In Syria and Iraq, political instability and conflict threaten the integrity and safety of cultural heritage. Cultural heritage helps communities and nations rebuild and thrive in the wake of devastating violence and natural catastrophe. This is not just about saving artifacts and historic sites, but preserving whole societies and ways of life. Smithsonian works directly with Syrian and Iraqi museum and cultural professionals to provide training, equipment, and technical support for on-the-ground protection and preservation of cultural heritage.
The Safeguarding the Heritage of Syria and Iraq Project (SHOSI) is a consortium of Smithsonian and the Penn Cultural Heritage Center at the University of Pennsylvania Museum, the American Association for the Advancement of Science, Shawnee State University, The Day After Association, and the U.S. Institute of Peace. Through research, trainings for local museum professionals, public outreach, and the use of modern technologies to monitor destruction, SHOSI is responding to the threats against cultural heritage in the Middle East.
In the summer of 2014, Smithsonian organized an emergency workshop for Syrian museum professionals to share Smithsonian expertise in emergency care for museum collections. Corine Wegener, Cultural Heritage Preservation Officer for Smithsonian, Robert Patterson, exhibits specialist at the National Museum of the American Indian, and colleagues from the University of Pennsylvania and Shawnee State University shared information with participants on how to safeguard museum collections in the Syrian conflict.
The workshop also provided participants with basic supplies for packing and securing museum collections. Participants at the workshop connected with their peers and began a conversation about the situation in Syria and coordinating emergency responses. Syrian museum curators and conservators often cannot easily communicate with each other because of the conflict. The workshop gave them an opportunity to come together as a community and identify ways to protect objects in place.
Smithsonian provided equipment and supplies for workshop participants to secure objects in Syria, including the immovable mosaics collection at the Ma’arra Museum in Idlib Province. Housing one of the most important collections of third-to-sixth century Roman and Byzantine mosaics in the Middle East, the Ma’arra Mosaic Museum is located about 50 miles south of Aleppo.
The Ma’arra Mosaic Museum was significantly damaged as a result of the country’s long and ongoing civil war.
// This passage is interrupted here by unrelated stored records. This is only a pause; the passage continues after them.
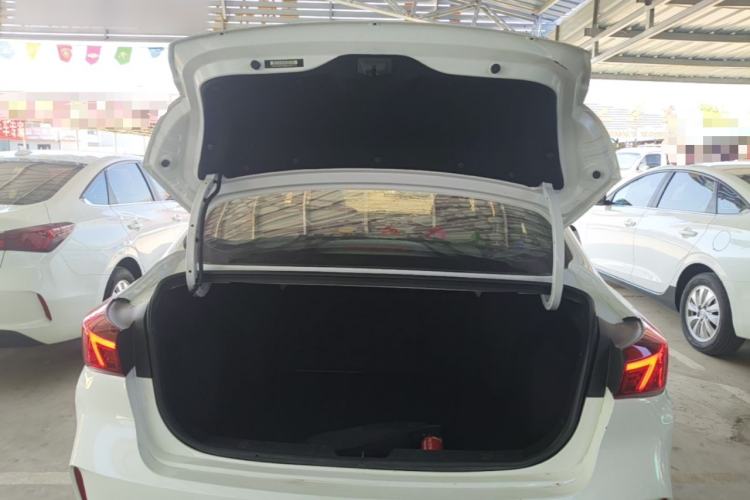 Used CHANGAN Eado New Energy 2022 EV460 Smart Ride-Hailing Edition – Lithium Iron Phosphate Trunk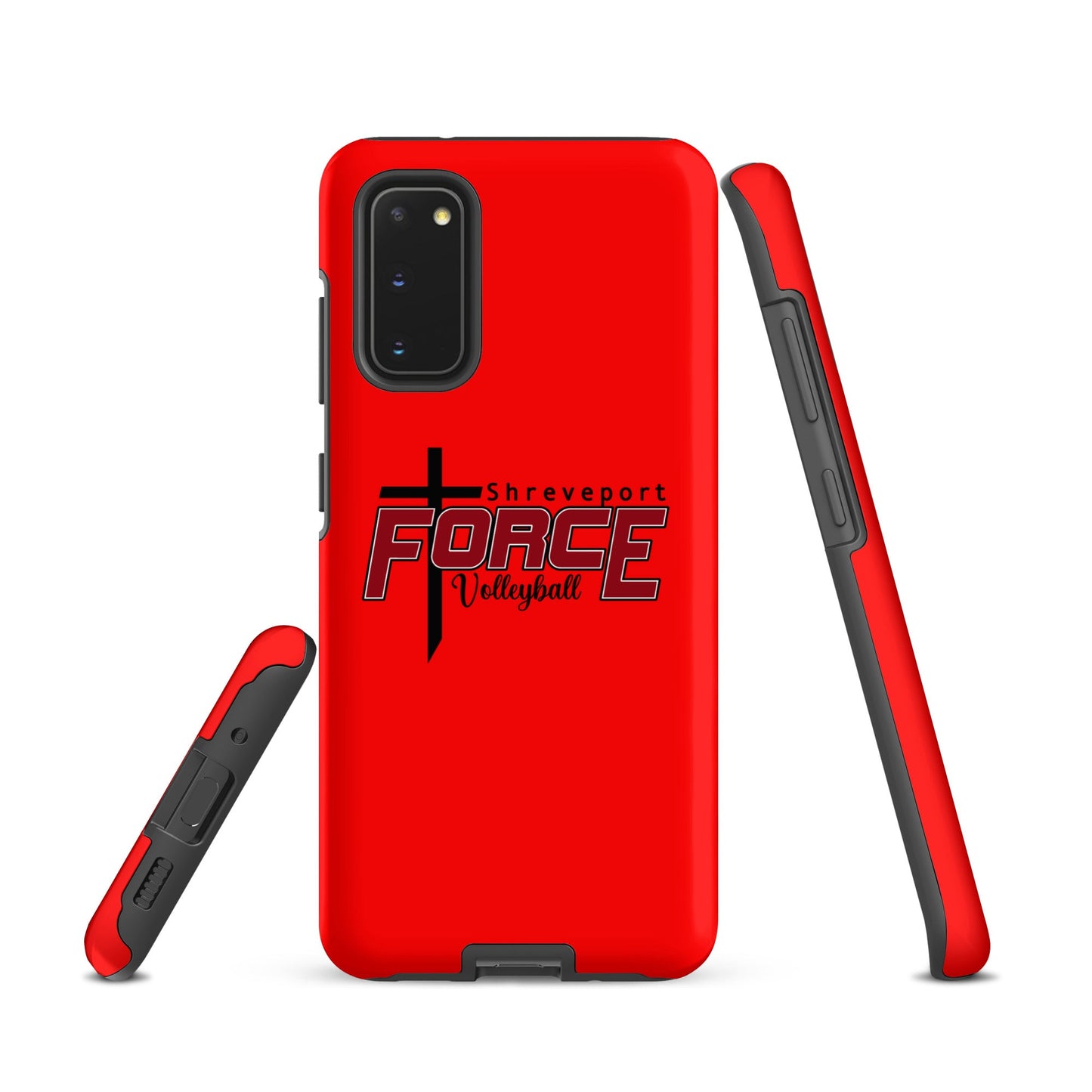 Tough Case for Samsung® | Shreveport Force Volleyball | Crest Logo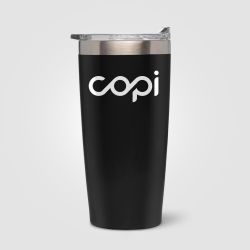 Gobelet publicitaire isotherme Double Paroi en Acier Inoxydable 530 ml Eldur
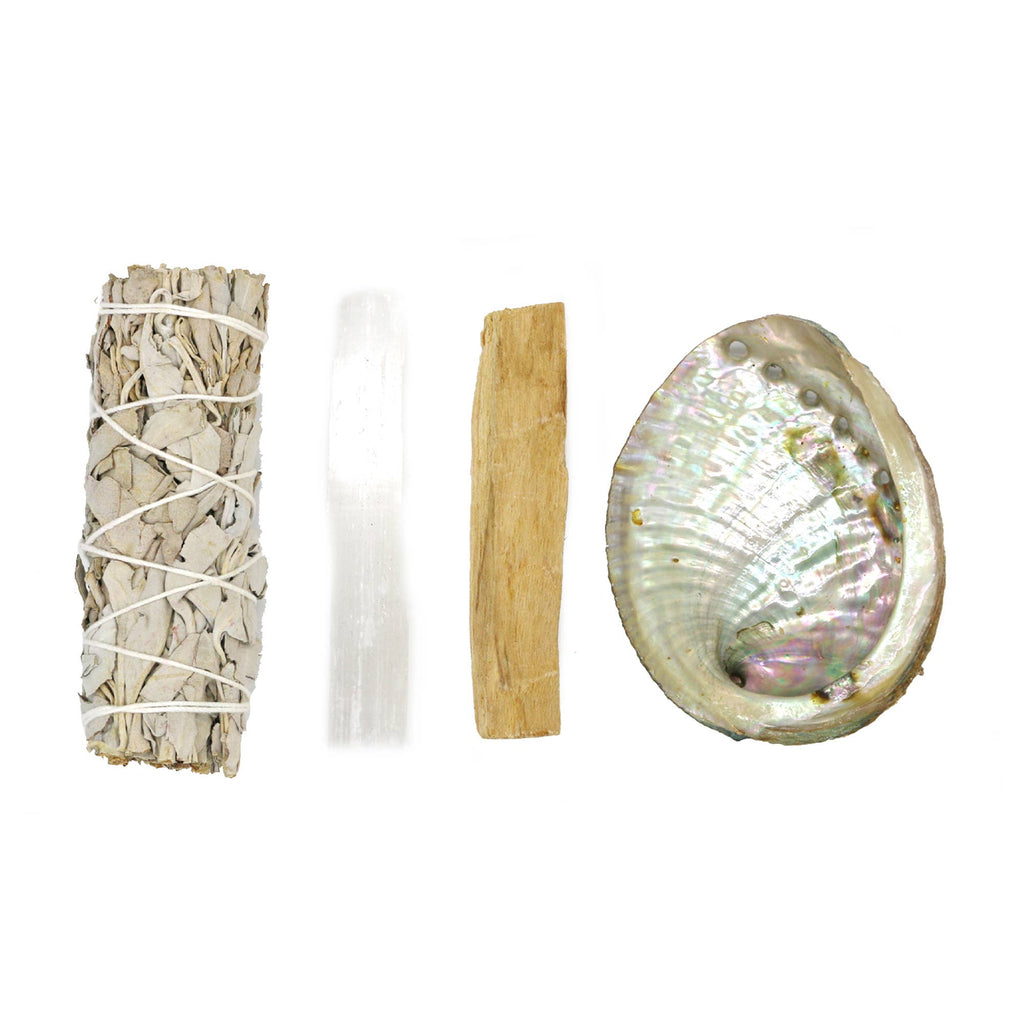Mini Smudge Kit/Gift Box w/ White Sage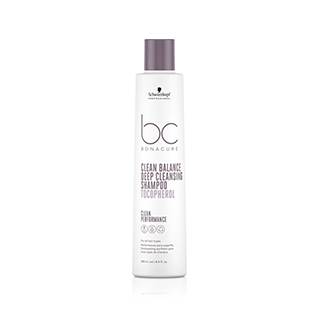 Schwarzkopf Bonacure Clean Balance Deep Cleansing Shampoo 250ml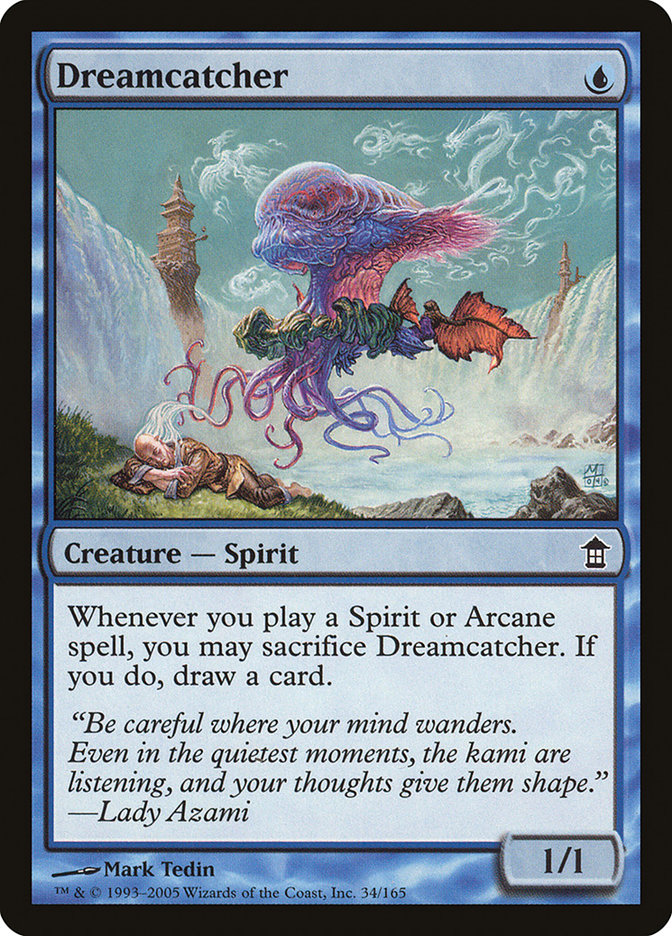 Dreamcatcher [Saviors of Kamigawa] | Good Games Morley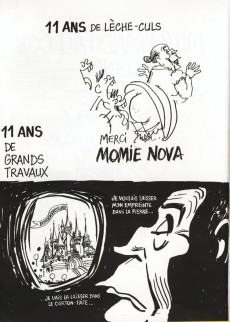 Extrait de (AUT) Cabu -1992- Adieu Tonton - Regrets éternels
Smithsonian supported emergency conservation and protection efforts by Syrian cultural heritage professionals and volunteers to safeguard this priceless collection.
The emergency protection project aimed to secure the mosaics from further harm during the conflict. After consultation with experts in mosaic conservation, the Syrian team applied a layer of glue and cloth designed to fortify and keep the tesserae (individual tiles in a mosaic) together. Several truckloads of sandbags were then laid out to protect the mosaics from further damage. Altogether, some 1,600 square feet of mosaics were protected.
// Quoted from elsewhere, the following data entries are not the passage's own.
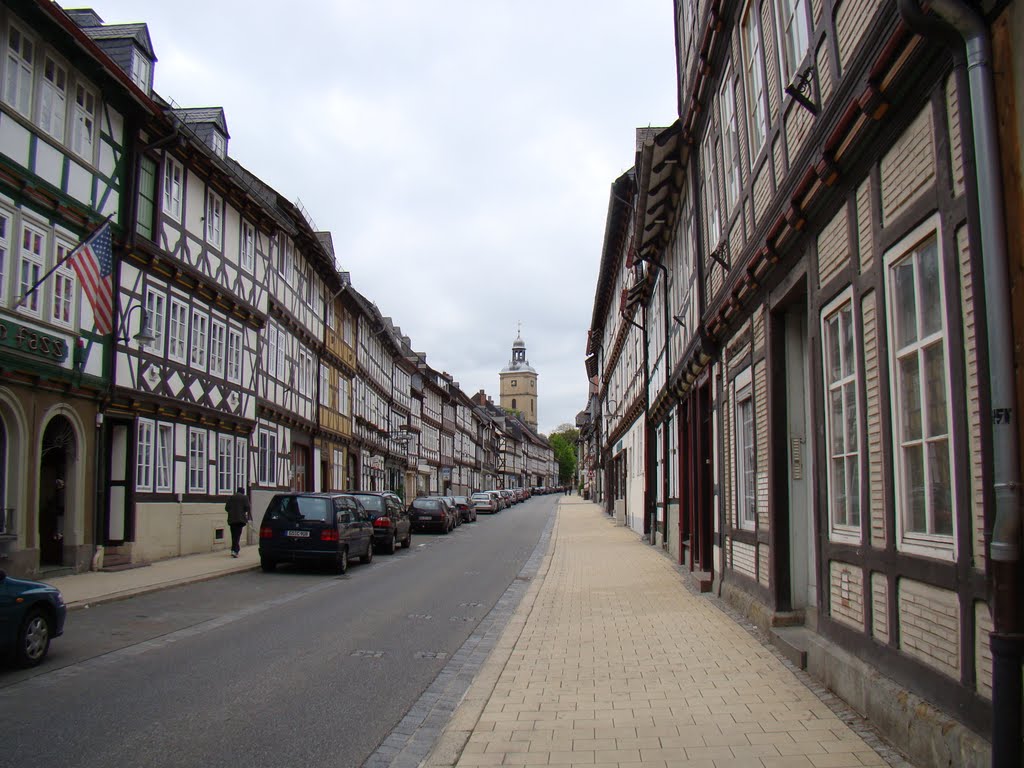 Goslar, Breite Straße, Гослар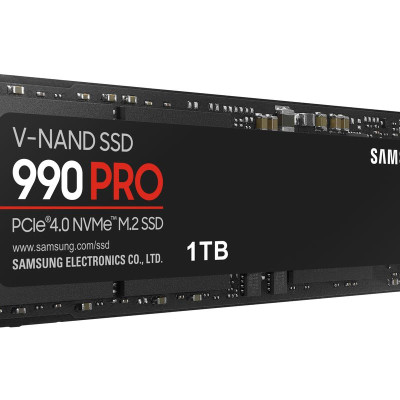1TB Samsung M.2 PCI-E NVMe Gen4 990 PRO Basic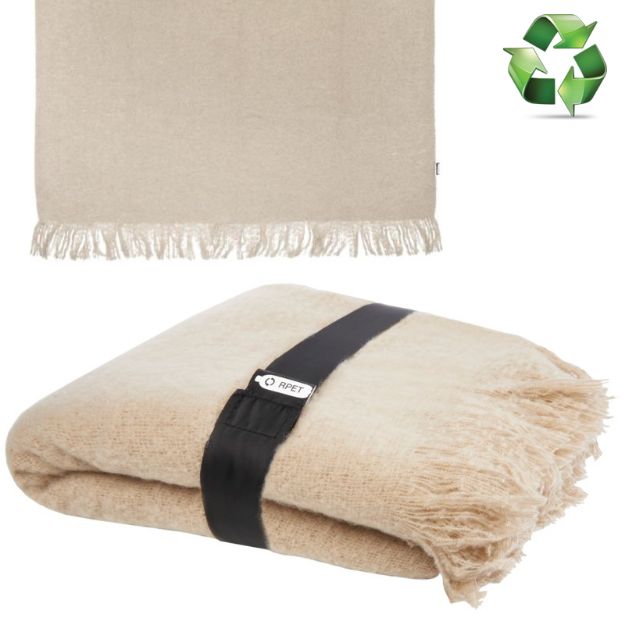 ivy rpet mohair deken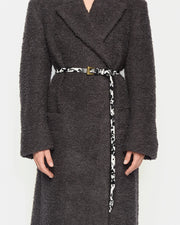 Pasek Z Klamrą Bold 145cm Marbled Lizard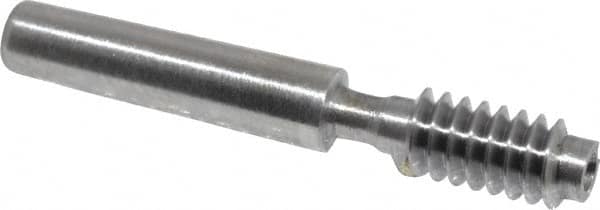 ProMax - 5/16" Diam, 3/4" LOC, 4 Flute Solid Carbide Roughing & Finishing Corner Radius End Mill - TiCN Finish, 2-1/2" OAL, 5/16" Shank Diam, Weldon Shank, 40° Helix, Centercutting, Regular Length - Benchmark Tooling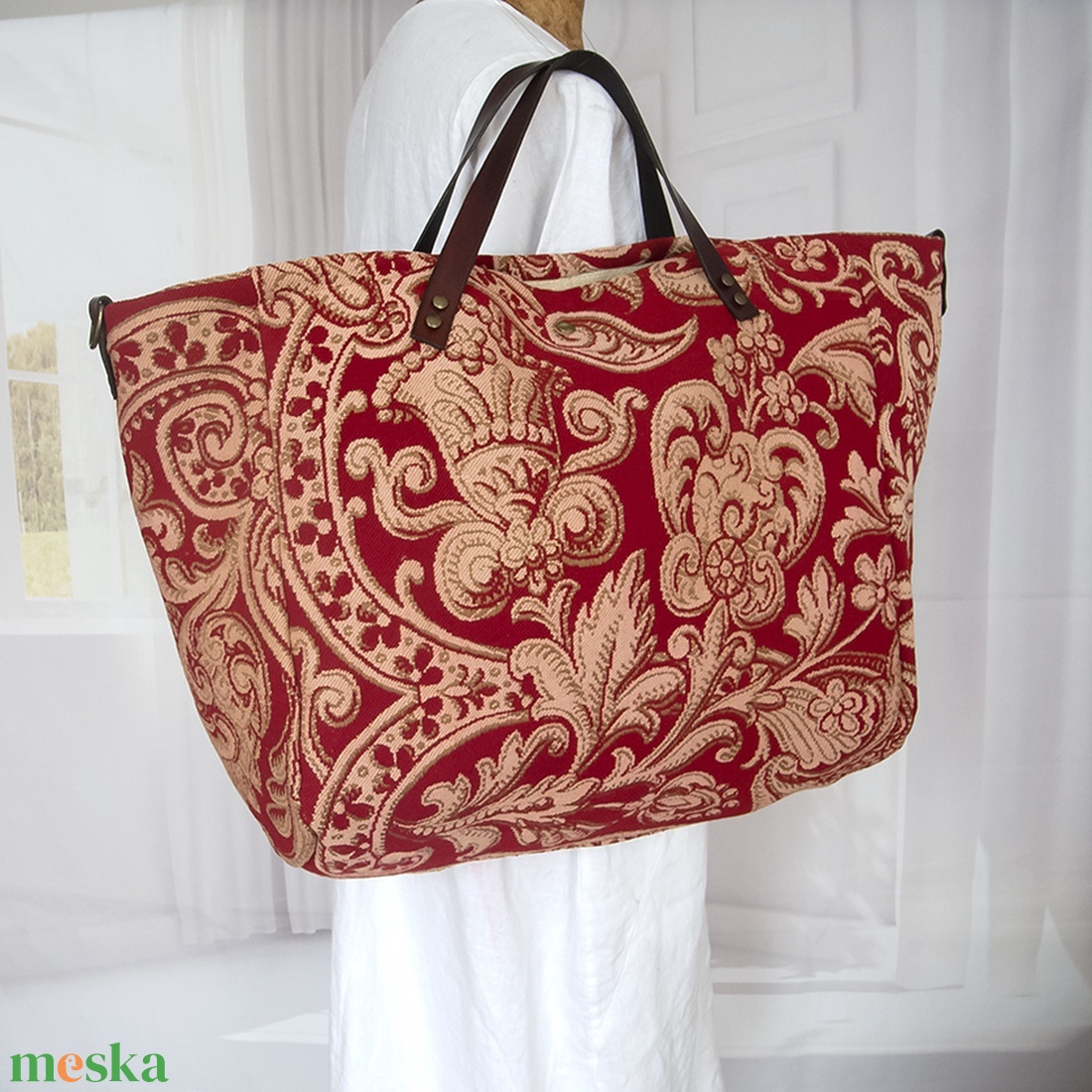 Hatalmas barokk szőnyeg mintás válltáska, Nagy pakolós gobelin táska, Shopper, Utazótáska, Mindennapi táska - táska & tok - kézitáska & válltáska - nagy pakolós táska - Meska.hu Hatalmas barokk szőnyeg mintás válltáska, Nagy pakolós gobelin táska, Shopper, Utazótáska, Mindennapi táska - táska & tok - kézitáska & válltáska - nagy pakolós táska - Meska.hu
When a barrel bomb severely damaged the museum in June 2015, the sandbag barriers held, protecting the mosaics and preventing the walls on which they were installed from collapse.
“The Ma’arra Museum stabilization project demonstrates the commitment of our Syrian colleagues to saving their heritage, even in the face of armed conflict,” Corine says. “I’m very proud that the Smithsonian could support their efforts, and we look forward to future collaborations with them, as well as with other colleagues around the world working to save heritage in crisis.”